By late 2023 every vendor had an AI incident response pitch. I went to the people who actually run systems at scale to find out what was real. Nora, Jeremy, Mandi, and Brent each came in with a different angle, and what came back was specific and cautionary.

The consensus across the four conversations was narrow. Generative AI is useful for summarization and toil. Hallucination disqualifies it from autonomous action in high-stakes incidents. Several of them reached, independently, for the same frame: working with these tools is like working with a very junior engineer. You still have to check everything.

By late 2023, every vendor had an AI pitch for incident response. Autonomous remediation. AI-powered root cause analysis. MTTR cut in half, automatically. I went to the people who actually run systems at scale to find out what was real. I interviewed Nora Jones (founder of Jeli, formerly Slack and Netflix), Jeremy Edberg (Amazon Alexa, formerly Netflix and Reddit), Mandi Walls (PagerDuty, formerly Chef), and Brent Chapman (Great Circle Associates, formerly Google and Slack). What came back was more specific, and more cautionary, than the vendor hype.

Key Themes

Where AI actually helps: summarization

The consensus is narrow but real. AI is useful for incident summarization: drafting post-incident reports, generating status updates, and catching latecomers up to speed during an active incident. These are tasks where a plausible first draft is valuable, and where a human will verify before it matters.

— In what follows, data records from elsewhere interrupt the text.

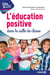 Clés pour enseigner et apprendre : l'éducation positive dans la salle de classe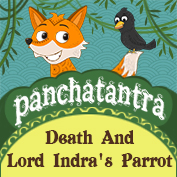 Panchatantra: Death and Lord Indra’s Parrot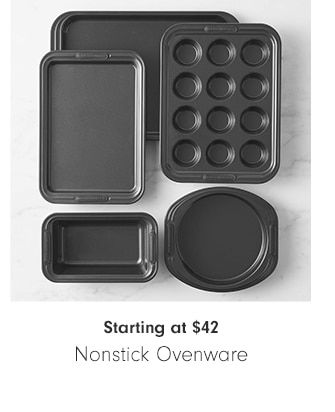  Starting at $42 Nonstick Ovenware 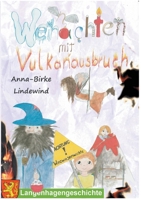 Weihnachten mit Vulkanausbruch: Eine Geschichte aus Langenhagen 3752608625 Book Cover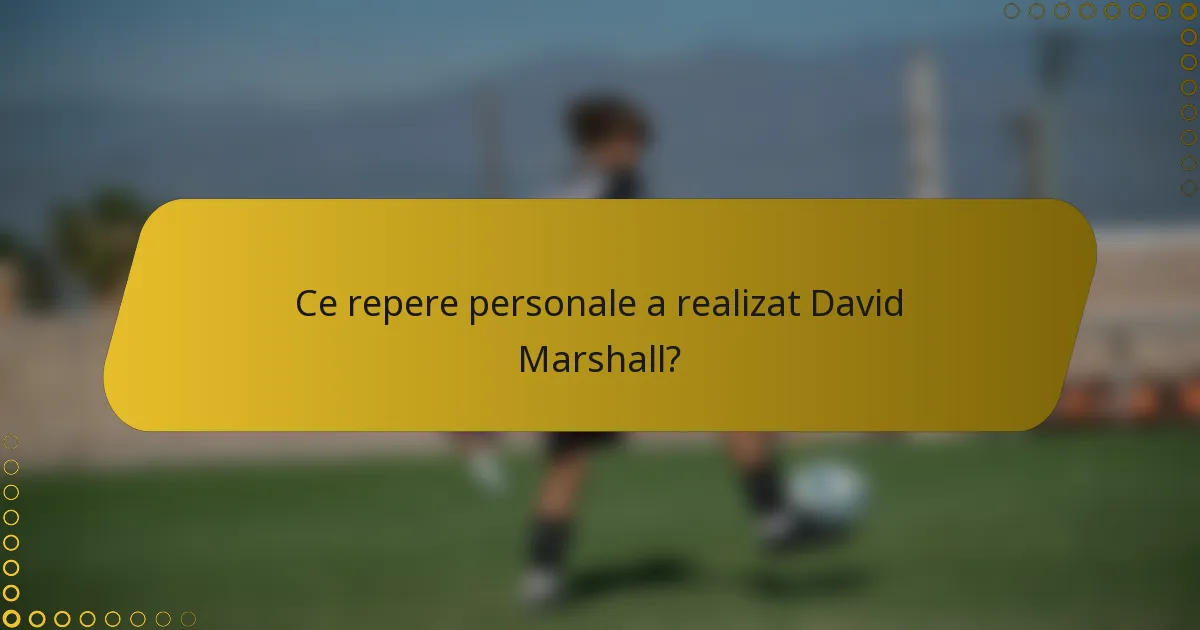 Ce repere personale a realizat David Marshall?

Nora Jones frames it precisely: “I think what we really want to do is use AI to get people more curious about what’s happening in their incidents.” The value is in the question it opens, not the answer it provides.

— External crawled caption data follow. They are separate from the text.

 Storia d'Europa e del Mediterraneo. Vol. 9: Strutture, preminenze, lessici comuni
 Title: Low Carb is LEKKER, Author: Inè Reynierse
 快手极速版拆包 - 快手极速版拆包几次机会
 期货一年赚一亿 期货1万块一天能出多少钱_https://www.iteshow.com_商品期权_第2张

Why Hallucination Disqualifies Autonomous Remediation

The harder truth is that AI hallucinates, and in incident response, hallucination is dangerous. Brent Chapman’s observation cuts to the bone: “LLMs are sometimes wrong, but never uncertain.” A system that is confident and occasionally wrong is the worst possible profile for taking autonomous action in high-stakes, time-compressed situations.

Jeremy Edberg draws the line explicitly: “Right now, GenAI is something of an advisory tool. We’re not to the point where we trust it enough to take actions.” The human-in-the-loop is not a temporary limitation waiting to be engineered away. It is the right architecture given current reliability. Every AI-powered RCA and autonomous remediation pitch in 2023 ran into this constraint. The serious practitioners all landed in the same place.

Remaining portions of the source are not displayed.